Your task is to copy the stretch of lines in the records below that begins with the line containing "Carte Postale RANXEROX" and ends with the line containing "The Langham Bar Cart - Polished Nickel", exactly as written, with nothing added.
[[ Material for this exercise, beginning ]]
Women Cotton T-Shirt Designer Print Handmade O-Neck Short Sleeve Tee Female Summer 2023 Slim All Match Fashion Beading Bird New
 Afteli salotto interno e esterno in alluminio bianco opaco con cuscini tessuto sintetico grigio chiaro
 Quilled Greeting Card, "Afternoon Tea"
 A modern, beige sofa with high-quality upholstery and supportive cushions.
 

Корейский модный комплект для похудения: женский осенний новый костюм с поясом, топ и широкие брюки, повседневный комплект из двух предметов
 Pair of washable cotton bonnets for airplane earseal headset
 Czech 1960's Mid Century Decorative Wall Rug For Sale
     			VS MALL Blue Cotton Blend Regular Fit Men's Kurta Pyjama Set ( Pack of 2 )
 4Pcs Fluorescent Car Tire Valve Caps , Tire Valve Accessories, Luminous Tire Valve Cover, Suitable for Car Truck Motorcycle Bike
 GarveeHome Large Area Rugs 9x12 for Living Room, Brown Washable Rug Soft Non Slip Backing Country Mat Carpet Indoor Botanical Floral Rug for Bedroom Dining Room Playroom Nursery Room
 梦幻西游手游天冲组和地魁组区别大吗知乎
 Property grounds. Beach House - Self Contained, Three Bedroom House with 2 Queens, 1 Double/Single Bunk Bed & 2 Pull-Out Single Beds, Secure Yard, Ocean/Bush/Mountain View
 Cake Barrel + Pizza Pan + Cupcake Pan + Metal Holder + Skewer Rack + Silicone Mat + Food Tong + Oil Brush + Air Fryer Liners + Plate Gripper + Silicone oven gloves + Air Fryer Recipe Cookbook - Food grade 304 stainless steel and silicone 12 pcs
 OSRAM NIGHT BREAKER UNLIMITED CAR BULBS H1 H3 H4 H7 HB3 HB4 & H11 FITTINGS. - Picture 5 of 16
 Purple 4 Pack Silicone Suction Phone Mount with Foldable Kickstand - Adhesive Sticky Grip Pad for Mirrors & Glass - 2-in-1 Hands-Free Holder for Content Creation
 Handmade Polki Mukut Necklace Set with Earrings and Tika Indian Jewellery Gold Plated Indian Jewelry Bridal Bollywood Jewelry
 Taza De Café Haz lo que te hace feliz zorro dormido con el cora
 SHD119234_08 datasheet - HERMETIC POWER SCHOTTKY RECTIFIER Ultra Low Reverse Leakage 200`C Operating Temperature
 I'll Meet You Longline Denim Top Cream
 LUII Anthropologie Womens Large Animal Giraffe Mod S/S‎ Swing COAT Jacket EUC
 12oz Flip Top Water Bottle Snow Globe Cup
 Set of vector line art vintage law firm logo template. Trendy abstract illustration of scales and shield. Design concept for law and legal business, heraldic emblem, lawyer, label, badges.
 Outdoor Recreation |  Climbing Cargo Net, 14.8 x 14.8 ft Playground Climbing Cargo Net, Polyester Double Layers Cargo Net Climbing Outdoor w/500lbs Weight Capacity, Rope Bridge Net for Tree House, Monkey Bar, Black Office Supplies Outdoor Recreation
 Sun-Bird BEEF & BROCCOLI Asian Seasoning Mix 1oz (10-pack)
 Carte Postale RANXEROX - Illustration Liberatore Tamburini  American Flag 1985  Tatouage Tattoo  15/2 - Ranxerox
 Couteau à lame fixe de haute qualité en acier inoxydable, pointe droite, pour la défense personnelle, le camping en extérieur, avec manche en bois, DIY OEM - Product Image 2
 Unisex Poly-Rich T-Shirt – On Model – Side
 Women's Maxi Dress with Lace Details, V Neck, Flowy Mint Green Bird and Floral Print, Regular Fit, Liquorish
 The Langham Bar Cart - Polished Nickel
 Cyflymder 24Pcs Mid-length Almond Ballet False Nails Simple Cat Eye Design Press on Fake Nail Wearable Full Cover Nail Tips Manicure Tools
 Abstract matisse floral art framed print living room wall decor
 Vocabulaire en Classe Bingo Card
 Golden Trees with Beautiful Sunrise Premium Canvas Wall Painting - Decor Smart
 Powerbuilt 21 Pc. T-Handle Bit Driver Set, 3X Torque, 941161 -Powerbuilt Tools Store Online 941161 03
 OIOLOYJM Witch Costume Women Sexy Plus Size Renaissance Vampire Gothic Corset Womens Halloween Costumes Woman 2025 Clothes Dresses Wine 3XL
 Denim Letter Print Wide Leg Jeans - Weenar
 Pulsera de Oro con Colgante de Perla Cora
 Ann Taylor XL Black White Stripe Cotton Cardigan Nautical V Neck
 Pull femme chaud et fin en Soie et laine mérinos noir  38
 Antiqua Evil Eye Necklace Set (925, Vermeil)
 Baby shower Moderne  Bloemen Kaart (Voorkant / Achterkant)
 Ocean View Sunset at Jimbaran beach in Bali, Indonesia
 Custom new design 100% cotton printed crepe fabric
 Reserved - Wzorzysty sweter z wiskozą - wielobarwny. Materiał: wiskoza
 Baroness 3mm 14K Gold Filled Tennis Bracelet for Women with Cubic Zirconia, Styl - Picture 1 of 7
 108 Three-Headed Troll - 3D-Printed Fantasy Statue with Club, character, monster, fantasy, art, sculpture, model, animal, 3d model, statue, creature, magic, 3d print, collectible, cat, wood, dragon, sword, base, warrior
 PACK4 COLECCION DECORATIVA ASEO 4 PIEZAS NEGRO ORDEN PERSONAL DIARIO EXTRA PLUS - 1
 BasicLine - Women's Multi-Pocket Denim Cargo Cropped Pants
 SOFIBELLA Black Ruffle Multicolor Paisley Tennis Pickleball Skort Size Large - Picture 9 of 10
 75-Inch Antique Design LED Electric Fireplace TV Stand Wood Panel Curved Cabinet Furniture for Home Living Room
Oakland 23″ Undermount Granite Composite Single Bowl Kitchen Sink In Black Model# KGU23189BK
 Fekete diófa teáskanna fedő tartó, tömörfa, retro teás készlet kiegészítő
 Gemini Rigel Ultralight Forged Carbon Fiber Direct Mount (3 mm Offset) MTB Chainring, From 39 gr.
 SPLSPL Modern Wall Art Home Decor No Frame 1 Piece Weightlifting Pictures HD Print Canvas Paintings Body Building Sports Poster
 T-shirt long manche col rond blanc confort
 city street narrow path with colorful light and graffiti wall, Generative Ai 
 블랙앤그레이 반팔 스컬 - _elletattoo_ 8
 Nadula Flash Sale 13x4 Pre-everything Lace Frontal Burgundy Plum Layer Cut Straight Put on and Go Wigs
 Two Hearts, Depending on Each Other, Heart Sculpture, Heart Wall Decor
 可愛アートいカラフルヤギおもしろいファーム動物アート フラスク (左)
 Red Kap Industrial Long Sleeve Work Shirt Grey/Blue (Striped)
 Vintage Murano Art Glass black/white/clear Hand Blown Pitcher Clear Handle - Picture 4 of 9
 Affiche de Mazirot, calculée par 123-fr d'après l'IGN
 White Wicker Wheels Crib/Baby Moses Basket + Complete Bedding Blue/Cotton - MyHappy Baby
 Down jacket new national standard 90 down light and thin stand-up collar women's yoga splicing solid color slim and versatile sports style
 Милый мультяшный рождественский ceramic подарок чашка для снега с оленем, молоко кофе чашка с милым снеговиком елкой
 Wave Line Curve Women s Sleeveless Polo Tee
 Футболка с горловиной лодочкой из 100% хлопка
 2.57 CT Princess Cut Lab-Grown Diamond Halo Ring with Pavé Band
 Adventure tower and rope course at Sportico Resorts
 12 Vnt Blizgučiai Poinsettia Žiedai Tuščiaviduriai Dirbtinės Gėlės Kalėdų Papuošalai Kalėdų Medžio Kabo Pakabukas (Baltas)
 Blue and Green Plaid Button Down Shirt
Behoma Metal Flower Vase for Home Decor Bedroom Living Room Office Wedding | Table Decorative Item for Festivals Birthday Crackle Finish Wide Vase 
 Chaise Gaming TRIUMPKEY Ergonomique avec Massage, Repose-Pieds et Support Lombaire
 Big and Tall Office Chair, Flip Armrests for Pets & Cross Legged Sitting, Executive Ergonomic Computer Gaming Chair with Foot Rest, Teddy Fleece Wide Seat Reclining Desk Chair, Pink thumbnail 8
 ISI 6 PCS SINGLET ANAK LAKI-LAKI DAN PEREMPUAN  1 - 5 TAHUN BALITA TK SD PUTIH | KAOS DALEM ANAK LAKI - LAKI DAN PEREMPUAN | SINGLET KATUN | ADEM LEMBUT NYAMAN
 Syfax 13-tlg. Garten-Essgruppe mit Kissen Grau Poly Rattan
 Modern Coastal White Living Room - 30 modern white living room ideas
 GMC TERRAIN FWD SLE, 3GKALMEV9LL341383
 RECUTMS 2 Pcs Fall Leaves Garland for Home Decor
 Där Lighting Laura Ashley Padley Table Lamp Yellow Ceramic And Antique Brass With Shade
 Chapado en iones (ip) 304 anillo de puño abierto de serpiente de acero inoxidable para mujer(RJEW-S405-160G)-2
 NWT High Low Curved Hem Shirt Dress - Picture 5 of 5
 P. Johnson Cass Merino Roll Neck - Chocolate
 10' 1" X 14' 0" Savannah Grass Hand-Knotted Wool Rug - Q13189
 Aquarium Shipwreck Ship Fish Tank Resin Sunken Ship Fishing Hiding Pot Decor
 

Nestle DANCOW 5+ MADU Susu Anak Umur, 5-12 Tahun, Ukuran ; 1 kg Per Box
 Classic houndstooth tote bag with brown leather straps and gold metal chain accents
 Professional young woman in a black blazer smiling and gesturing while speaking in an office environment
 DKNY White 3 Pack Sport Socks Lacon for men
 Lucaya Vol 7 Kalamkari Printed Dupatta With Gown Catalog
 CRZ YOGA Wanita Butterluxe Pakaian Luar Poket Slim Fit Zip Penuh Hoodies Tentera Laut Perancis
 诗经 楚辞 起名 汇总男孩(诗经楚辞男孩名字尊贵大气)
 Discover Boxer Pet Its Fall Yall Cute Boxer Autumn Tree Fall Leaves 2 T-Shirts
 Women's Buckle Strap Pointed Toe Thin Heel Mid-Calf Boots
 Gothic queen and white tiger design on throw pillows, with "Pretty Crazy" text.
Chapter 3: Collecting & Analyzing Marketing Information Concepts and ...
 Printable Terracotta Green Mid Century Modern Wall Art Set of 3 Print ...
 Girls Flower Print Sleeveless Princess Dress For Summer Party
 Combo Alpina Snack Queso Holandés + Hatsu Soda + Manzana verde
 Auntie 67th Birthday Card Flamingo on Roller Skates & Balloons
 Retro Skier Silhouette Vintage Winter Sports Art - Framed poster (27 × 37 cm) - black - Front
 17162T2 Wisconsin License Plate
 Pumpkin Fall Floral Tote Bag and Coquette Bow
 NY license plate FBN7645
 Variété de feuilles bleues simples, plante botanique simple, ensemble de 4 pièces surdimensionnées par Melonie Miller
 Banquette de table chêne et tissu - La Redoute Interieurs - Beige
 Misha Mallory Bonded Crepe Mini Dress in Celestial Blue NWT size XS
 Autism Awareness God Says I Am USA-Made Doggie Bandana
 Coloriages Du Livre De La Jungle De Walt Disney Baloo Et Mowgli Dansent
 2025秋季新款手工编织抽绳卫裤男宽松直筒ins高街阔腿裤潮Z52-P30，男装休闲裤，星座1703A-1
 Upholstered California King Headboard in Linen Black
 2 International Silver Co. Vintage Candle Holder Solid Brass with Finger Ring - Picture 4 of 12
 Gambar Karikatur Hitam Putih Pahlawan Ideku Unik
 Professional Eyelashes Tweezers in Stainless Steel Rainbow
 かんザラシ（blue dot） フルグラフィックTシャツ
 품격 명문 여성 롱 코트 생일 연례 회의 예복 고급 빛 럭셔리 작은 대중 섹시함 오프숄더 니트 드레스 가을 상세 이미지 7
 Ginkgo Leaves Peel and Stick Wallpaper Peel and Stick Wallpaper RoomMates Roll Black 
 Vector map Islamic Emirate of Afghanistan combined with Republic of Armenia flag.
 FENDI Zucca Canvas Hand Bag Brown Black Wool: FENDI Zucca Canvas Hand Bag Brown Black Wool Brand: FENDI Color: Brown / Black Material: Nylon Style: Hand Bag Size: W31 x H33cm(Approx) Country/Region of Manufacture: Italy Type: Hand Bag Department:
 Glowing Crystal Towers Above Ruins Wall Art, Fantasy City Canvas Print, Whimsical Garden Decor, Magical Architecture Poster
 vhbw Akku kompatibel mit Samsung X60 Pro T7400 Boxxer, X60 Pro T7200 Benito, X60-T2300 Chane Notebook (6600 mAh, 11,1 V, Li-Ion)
[[ Material for this exercise, end ]]
_Worked solution_:
 Carte Postale RANXEROX - Illustration Liberatore Tamburini  American Flag 1985  Tatouage Tattoo  15/2 - Ranxerox
 Couteau à lame fixe de haute qualité en acier inoxydable, pointe droite, pour la défense personnelle, le camping en extérieur, avec manche en bois, DIY OEM - Product Image 2
 Unisex Poly-Rich T-Shirt – On Model – Side
 Women's Maxi Dress with Lace Details, V Neck, Flowy Mint Green Bird and Floral Print, Regular Fit, Liquorish
 The Langham Bar Cart - Polished Nickel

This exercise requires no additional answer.